* EXERCISE OBJECTIVE
Give the number of lines in the data that hold the word "look", and nothing else.

* MATERIAL FOR THIS TASK

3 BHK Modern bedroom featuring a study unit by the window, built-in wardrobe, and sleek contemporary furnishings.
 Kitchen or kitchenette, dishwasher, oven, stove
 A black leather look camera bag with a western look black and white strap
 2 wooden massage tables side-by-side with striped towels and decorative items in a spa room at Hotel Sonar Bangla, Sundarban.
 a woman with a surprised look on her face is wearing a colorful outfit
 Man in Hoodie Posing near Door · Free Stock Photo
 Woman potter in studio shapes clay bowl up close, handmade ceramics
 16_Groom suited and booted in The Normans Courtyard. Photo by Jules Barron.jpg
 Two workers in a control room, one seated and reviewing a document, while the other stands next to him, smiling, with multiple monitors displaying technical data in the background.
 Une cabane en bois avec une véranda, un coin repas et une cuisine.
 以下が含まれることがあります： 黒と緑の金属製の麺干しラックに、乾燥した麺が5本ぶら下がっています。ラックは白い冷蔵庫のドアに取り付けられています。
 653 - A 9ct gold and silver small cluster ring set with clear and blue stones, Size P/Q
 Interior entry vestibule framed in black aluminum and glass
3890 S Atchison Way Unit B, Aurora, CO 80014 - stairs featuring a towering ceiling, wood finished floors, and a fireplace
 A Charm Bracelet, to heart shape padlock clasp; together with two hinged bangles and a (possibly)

* SOLVED PROBLEM
2